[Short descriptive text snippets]
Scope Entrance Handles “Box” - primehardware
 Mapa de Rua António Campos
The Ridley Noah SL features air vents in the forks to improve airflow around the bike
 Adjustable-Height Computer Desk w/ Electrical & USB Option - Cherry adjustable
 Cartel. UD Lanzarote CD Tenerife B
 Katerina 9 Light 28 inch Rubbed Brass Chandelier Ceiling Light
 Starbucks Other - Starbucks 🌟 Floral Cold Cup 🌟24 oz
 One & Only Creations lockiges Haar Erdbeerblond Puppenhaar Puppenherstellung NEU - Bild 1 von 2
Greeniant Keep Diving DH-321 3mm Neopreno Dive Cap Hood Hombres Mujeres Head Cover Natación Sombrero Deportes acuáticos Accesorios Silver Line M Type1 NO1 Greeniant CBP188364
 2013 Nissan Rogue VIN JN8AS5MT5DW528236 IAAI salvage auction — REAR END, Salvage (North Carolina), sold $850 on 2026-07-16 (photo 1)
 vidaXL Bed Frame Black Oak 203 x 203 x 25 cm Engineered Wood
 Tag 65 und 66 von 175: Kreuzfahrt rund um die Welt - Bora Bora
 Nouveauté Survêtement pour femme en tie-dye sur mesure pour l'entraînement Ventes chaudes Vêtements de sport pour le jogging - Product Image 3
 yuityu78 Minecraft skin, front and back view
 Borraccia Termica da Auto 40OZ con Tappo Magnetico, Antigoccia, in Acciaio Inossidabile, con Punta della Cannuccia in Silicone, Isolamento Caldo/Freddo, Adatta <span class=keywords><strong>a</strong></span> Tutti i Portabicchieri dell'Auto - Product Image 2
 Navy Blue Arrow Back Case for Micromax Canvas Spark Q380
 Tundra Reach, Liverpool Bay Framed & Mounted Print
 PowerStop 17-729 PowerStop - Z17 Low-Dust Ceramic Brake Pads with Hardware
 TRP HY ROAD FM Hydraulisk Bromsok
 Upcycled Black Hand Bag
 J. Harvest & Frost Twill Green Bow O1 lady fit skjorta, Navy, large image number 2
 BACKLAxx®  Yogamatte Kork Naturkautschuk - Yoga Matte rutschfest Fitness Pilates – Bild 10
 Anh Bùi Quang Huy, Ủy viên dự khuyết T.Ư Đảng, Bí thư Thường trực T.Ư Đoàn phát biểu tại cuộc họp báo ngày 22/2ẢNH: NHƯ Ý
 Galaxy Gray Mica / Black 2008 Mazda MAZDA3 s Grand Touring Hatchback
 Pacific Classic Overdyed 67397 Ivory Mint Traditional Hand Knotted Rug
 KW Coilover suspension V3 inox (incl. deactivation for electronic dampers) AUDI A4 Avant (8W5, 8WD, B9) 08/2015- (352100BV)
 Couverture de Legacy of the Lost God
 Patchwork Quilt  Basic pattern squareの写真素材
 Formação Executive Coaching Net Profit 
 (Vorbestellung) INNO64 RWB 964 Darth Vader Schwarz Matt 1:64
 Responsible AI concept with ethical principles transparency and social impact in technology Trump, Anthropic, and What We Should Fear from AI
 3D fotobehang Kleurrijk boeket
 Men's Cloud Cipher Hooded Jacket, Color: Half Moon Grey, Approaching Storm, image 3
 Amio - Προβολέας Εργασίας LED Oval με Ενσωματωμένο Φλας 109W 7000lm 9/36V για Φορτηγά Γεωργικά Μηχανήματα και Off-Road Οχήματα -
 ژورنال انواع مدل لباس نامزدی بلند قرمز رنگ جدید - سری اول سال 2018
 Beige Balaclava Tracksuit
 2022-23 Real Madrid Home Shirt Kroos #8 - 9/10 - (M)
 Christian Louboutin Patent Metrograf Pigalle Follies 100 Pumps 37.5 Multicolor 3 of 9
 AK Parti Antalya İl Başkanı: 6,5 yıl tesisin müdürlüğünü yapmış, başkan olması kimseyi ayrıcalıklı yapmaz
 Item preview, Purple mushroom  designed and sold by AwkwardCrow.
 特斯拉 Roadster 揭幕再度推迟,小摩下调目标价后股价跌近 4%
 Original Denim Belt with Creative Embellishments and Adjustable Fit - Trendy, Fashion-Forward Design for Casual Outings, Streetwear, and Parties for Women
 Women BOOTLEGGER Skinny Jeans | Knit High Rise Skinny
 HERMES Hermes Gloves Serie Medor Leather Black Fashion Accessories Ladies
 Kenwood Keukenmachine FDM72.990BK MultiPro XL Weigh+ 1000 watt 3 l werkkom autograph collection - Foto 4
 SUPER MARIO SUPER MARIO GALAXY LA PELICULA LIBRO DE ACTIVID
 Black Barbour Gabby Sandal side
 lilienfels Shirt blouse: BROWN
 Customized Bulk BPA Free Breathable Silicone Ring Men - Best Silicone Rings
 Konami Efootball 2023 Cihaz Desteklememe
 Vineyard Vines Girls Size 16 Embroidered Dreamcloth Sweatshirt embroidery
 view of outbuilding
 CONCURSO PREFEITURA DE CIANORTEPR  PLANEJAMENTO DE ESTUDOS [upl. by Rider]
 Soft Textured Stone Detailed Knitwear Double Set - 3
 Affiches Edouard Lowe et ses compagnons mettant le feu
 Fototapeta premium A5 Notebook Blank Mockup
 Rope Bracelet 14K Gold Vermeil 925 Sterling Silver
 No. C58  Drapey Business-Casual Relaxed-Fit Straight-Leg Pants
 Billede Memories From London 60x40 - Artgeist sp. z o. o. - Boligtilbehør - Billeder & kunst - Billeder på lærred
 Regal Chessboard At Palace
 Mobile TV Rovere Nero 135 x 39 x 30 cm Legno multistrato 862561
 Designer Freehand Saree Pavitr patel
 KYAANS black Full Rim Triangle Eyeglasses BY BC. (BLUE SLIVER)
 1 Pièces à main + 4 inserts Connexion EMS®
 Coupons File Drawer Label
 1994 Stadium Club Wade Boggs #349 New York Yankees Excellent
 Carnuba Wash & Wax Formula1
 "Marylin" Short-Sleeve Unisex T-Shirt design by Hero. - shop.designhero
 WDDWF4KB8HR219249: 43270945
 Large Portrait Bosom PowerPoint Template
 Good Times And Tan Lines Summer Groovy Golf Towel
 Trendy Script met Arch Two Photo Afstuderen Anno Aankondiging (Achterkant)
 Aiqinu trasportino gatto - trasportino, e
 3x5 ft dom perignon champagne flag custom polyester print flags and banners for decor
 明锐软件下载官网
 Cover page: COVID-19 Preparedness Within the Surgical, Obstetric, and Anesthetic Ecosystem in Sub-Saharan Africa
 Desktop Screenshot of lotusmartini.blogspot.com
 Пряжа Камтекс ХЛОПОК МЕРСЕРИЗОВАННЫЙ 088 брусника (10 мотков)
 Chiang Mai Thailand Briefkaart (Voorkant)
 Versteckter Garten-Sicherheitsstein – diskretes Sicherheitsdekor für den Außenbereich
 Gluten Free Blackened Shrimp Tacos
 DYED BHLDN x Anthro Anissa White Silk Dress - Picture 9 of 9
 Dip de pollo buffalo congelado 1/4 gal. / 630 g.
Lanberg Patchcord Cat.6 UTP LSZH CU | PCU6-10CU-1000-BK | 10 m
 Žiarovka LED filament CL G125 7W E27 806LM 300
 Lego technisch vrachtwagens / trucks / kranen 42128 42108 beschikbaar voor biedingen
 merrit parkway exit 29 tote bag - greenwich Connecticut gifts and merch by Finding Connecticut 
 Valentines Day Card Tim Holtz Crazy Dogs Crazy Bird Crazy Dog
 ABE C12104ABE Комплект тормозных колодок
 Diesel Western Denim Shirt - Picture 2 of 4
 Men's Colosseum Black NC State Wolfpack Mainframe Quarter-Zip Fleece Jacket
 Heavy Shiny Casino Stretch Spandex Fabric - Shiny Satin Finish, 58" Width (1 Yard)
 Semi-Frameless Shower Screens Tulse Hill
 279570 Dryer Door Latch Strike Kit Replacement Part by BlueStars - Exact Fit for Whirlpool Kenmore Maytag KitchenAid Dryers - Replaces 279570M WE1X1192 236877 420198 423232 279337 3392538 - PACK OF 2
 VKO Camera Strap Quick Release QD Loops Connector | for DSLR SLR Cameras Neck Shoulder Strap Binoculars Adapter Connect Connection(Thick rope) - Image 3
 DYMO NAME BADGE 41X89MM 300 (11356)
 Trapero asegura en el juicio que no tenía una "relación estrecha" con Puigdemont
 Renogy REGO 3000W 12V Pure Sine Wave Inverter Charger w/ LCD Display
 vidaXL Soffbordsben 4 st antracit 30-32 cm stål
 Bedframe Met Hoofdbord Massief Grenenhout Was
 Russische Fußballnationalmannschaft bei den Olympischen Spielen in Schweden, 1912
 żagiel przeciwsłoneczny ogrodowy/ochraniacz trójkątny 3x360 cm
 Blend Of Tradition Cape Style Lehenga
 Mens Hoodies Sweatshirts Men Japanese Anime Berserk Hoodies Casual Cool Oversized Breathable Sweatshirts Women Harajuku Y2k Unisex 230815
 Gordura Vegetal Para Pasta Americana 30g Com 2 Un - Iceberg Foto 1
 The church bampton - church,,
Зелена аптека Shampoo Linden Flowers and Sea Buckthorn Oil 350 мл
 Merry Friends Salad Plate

#### Directions for this task
Among the lines above, repeat exactly those from the line with "Hero. - shop.designhero" to the line with "Men's Colosseum Black", counting both ends.

#### Response box
 "Marylin" Short-Sleeve Unisex T-Shirt design by Hero. - shop.designhero
 WDDWF4KB8HR219249: 43270945
 Large Portrait Bosom PowerPoint Template
 Good Times And Tan Lines Summer Groovy Golf Towel
 Trendy Script met Arch Two Photo Afstuderen Anno Aankondiging (Achterkant)
 Aiqinu trasportino gatto - trasportino, e
 3x5 ft dom perignon champagne flag custom polyester print flags and banners for decor
 明锐软件下载官网
 Cover page: COVID-19 Preparedness Within the Surgical, Obstetric, and Anesthetic Ecosystem in Sub-Saharan Africa
 Desktop Screenshot of lotusmartini.blogspot.com
 Пряжа Камтекс ХЛОПОК МЕРСЕРИЗОВАННЫЙ 088 брусника (10 мотков)
 Chiang Mai Thailand Briefkaart (Voorkant)
 Versteckter Garten-Sicherheitsstein – diskretes Sicherheitsdekor für den Außenbereich
 Gluten Free Blackened Shrimp Tacos
 DYED BHLDN x Anthro Anissa White Silk Dress - Picture 9 of 9
 Dip de pollo buffalo congelado 1/4 gal. / 630 g.
Lanberg Patchcord Cat.6 UTP LSZH CU | PCU6-10CU-1000-BK | 10 m
 Žiarovka LED filament CL G125 7W E27 806LM 300
 Lego technisch vrachtwagens / trucks / kranen 42128 42108 beschikbaar voor biedingen
 merrit parkway exit 29 tote bag - greenwich Connecticut gifts and merch by Finding Connecticut 
 Valentines Day Card Tim Holtz Crazy Dogs Crazy Bird Crazy Dog
 ABE C12104ABE Комплект тормозных колодок
 Diesel Western Denim Shirt - Picture 2 of 4
 Men's Colosseum Black NC State Wolfpack Mainframe Quarter-Zip Fleece Jacket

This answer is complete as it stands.